▶ Goal of the exercise:
Begin at the line containing "Set canapea de" in the records below, end at the line containing "personalized indianapolis colts", and retype each line in that span exactly. No other line and no image should appear.

▶ Material shown:
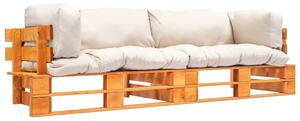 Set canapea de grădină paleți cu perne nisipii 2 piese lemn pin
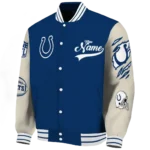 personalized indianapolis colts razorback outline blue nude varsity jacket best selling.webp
---
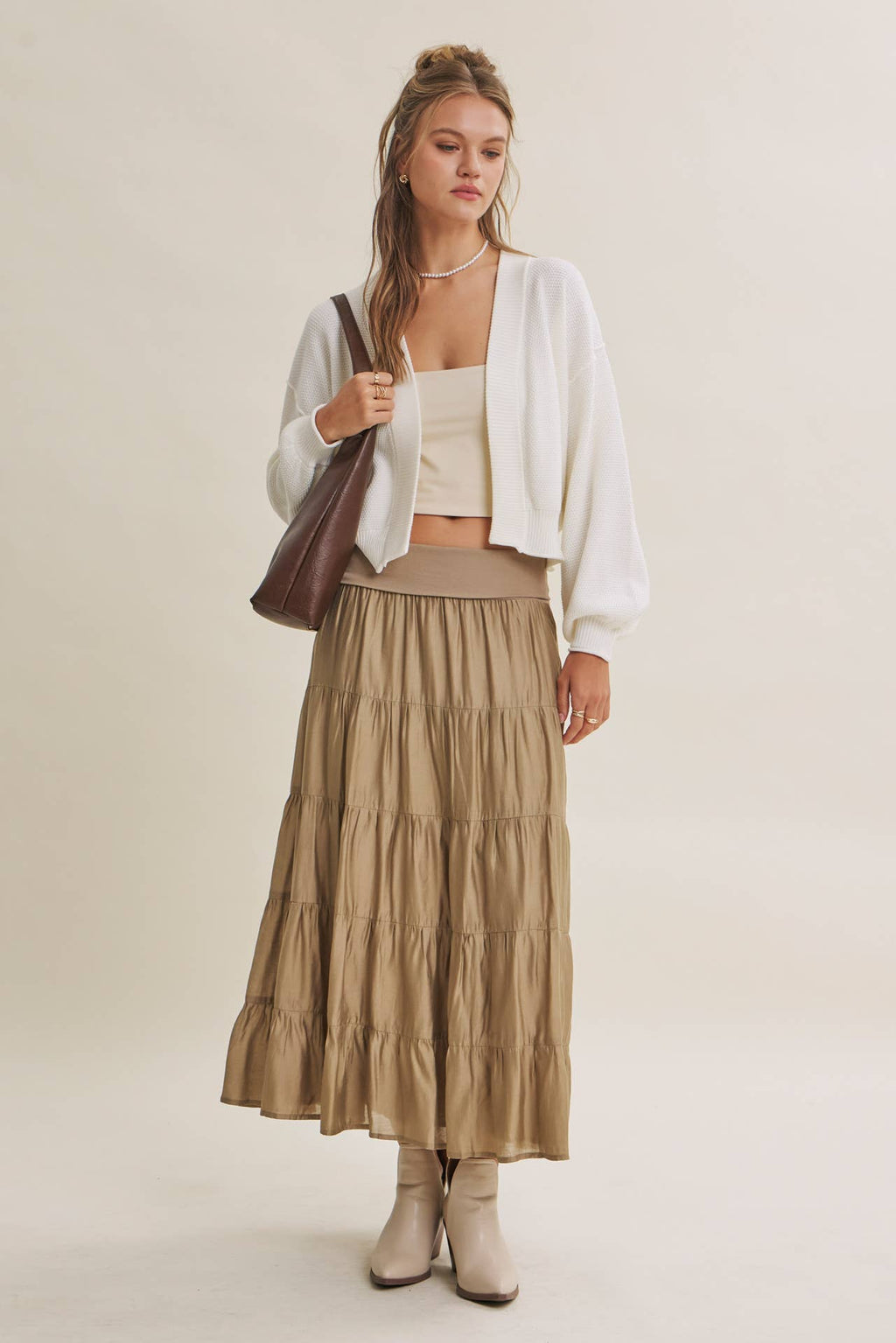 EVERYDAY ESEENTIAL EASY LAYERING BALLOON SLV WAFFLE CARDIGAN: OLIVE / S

▶ Written reply:
 Set canapea de grădină paleți cu perne nisipii 2 piese lemn pin
 personalized indianapolis colts razorback outline blue nude varsity jacket best selling.webp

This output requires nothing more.